Instantie: Commissie gelijke behandeling, 14 april 1997

Instantie

Commissie gelijke behandeling

Samenvatting


Verzoekers bewonen gezamenlijk een woning die verzoeker 1 van de wederpartij
huurt. Zij hebben verzocht om verzoeker 2 als medehuurder aan te merken,
hetgeen door de wederpartij is geweigerd. Volgens het beleid van de
wederpartij is dit pas mogelijk nadat gedurende twee jaar een
gemeenschappelijke huishouding is gevoerd. Verzoekers stellen dat de
wederpartij hiermee onderscheid maakt naar burgerlijke staat en homoseksuele
gerichtheid, aangezien gehuwden van rechtswege voor de status van medehuurder
in aanmerking komen.
De Commissie overweegt dat het beroep van de wederpartij op artikel 4,
onderdeel c, AWGB faalt, nu artikel 7A:1623h BW de wederpartij niet verplicht
tot het hanteren van de termijn van twee jaar. De wederpartij kan dus zelf
criteria ontwikkelen. Zij stelt dat het niet mogelijk is om het verlenen van
het medehuurderschap mede afhankelijk te stellen van criteria als een
samenlevingscontract, een testament en het opzeggen van andere woning. Los
van de vraag of dit ook daadwerkelijk is onderzocht, heeft de wederpartij
onvoldoende onderbouwd waarom zij op voorhand de termijn van twee jaar
hanteert, terwijl zij daartoe niet wettelijk verplicht is, en niet een – door
ook andere woningbouwverenigingen gehanteerde – kortere termijn. Door het
ontbreken van een onderbouwing maakt zij direct onderscheid naar burgerlijke
staat en indirect onderscheid naar homoseksuele gerichtheid. Strijd met de
wet.

Volledige tekst

1. HET VERZOEK

1.1. Op 14 oktober 1996 verzochten de heer (….) (hierna: verzoeker 1) en de
heer (….) te Amsterdam (hierna: verzoeker 2) de Commissie gelijke
behandeling haar oordeel uit te spreken over de vraag of (….) te Amsterdam
(hierna: de wederpartij) jegens hen onderscheid heeft gemaakt als bedoeld in
de Algemene wet gelijke behandeling (hierna AWGB).
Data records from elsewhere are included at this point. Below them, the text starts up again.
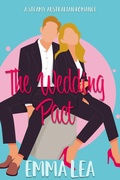 Cover: The Wedding Pact - Emma Lea
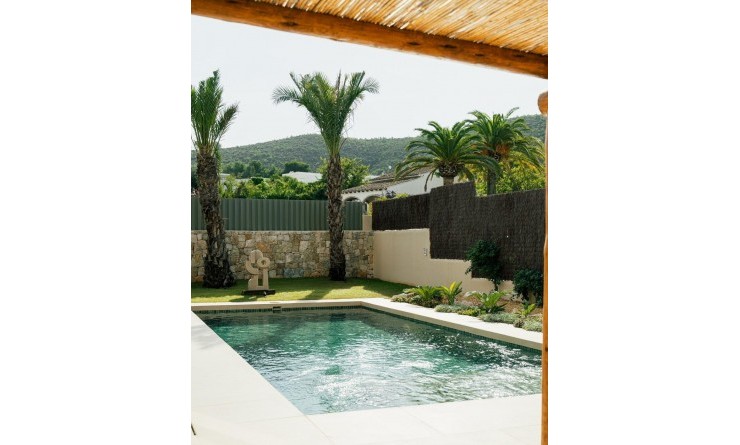Nouvelle construction - Villa - Jávea Xàbia - Valle del Sol
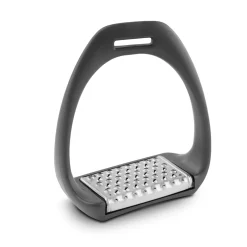 Royal Rider T3 Stirrups with Stainless Steel Pads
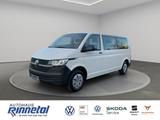 Volkswagen T6 2.0 TDI 9 SITZE+GG 3T+CLIMATIC+ZUHEIZER+PDC+L - Volkswagen T6 andere: 9 Sitzer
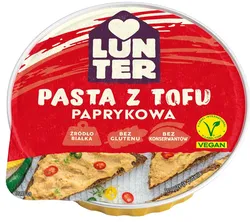 Pasta z tofu paprykowa z chili 75 g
1.2. Verzoekers bewonen gezamenlijk een woning die verzoeker 1 van de
wederpartij huurt. Verzoekers hebben sinds 3 juli 1996 een
samenlevingscontract. Zij hebben de wederpartij verzocht om verzoeker 2 als
medehuurder aan te merken, hetgeen door de wederpartij is geweigerd. Volgens
het beleid van de wederpartij is dit pas mogelijk nadat gedurende twee jaar
een gezamenlijke huishouding is gevoerd. Verzoekers zijn van mening dat de
wederpartij door middel van dit beleid onderscheid maakt op grond van
burgerlijke staat en homoseksuele gerichtheid.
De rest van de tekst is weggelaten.